For consumers, Hotspot 2.0 is important because of the automatic authentication and the potential for lower bills, but its scope remains pretty limited. Fraser said it does nothing to improve the quality of your WiFi, and it won't seek out noncarrier networks unless they are roaming partners of the carrier. (See Carrier WiFi: The Handoff Tradeoff.)

"The whole quality of experience area is still ground for improvement," he said. "Hotspot 2.0 only goes 10% of the way there. It doesn't say you're too far from the network or what the servers are willing to do."

However, the operators are working on that, as well. For them, the appeal of Hotspot 2.0 is increased use of WiFi, alleviating network congestion, and the ability to choose when to hand off based on network conditions, speed, location, and billing preferences.

At least, that's the goal, and the industry is working now on the policy piece, according to Matthew MacPherson, director of technical marketing Cisco Systems Inc. (Nasdaq: CSCO). At this week's show, Cisco, AT&T Inc. (NYSE: T), and Accuris Networks plc trialed the technology, but using it required forgetting any other previously used WiFi network. It was far from automatic.

MacPherson said this won't be an issue when it's provisioned out the box, which will be the case going forward. Hotspot 2.0 can be pushed to new devices via a software update, as was the case with Apple's iOS 7 update, and it's being included in most future Android phones. (See iOS 7: The Next-Gen Hotspot Game Changer .)

Another thing helping to move the technology forward is the fact that Boingo Wireless Inc. has expanded its Hotspot 2.0 carrier and device maker trial, which started at Chicago's O'Hare International Airport, to 21 airports across the country.
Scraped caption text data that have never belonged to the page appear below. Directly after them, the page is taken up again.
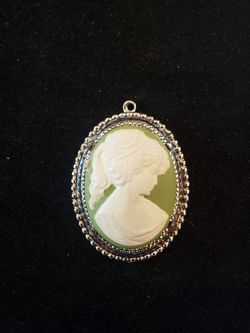 $8. Cameo inspired green and silver tone necklace pendant. 2.25 in long and 1.5 in wide.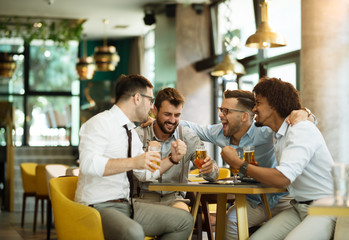 Friends are happy while watching game at te ub and drinking beer.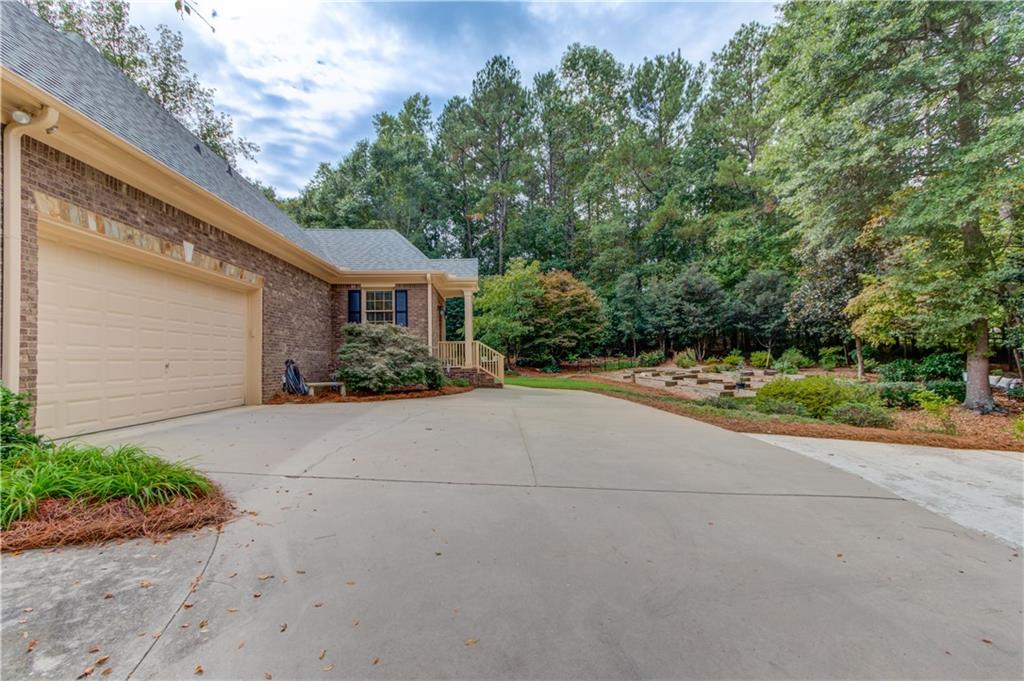901 Providence Lane Monroe, GA 30656 - Photo 10 of 76 a front view of a house with garden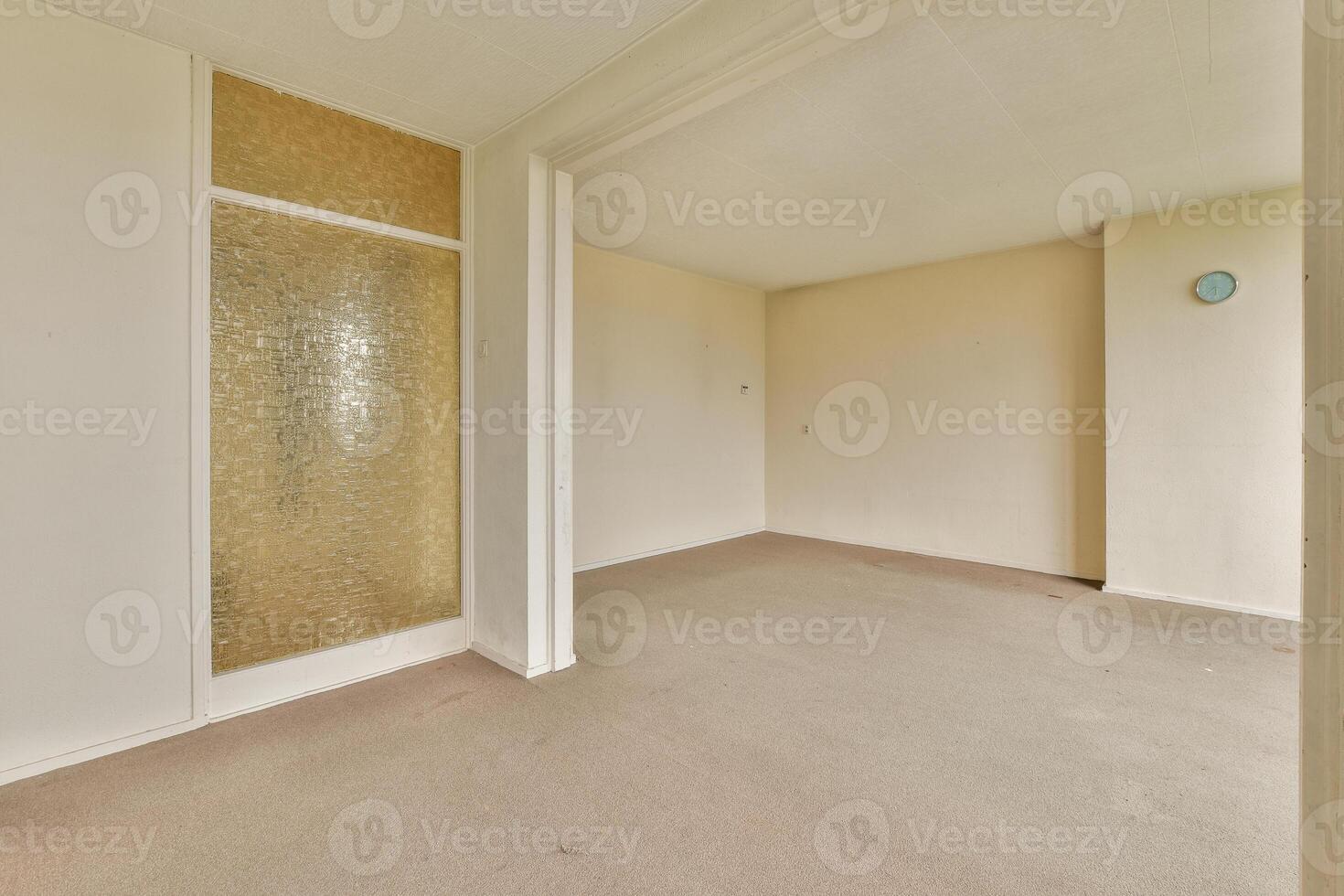 An empty room with a door and a window photo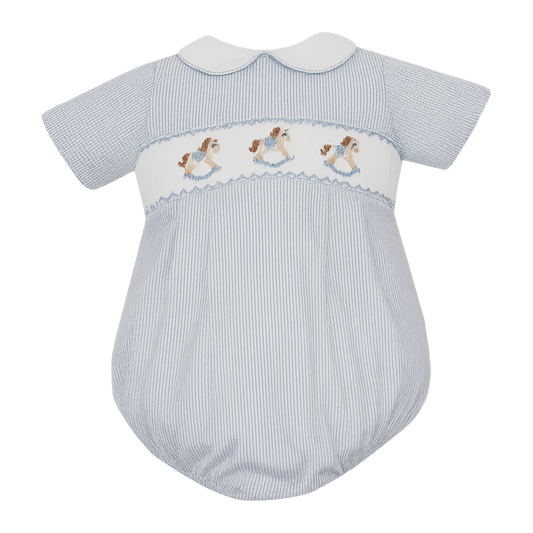 White long-sleeve boy's shirt with Peter Pan collar and red piping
Derek Peterson, Boingo's senior vice president of engineering, told us in a preshow interview that all the carriers are talking about enacting Hotspot 2.0 today, but roaming agreements are still necessary and still must be forged. Boingo, which acts as a hub for more than 140 operators' hotspots, has several such contracts in the works. (See Boingo Expands Hotspot 2.0 to 21 Airports, WiFi 2.0: Roaming Holds the Key, and WiFi Roaming: The Technical Considerations.)

"The technology might be new, the approach is new, but the business is the same," Peterson said.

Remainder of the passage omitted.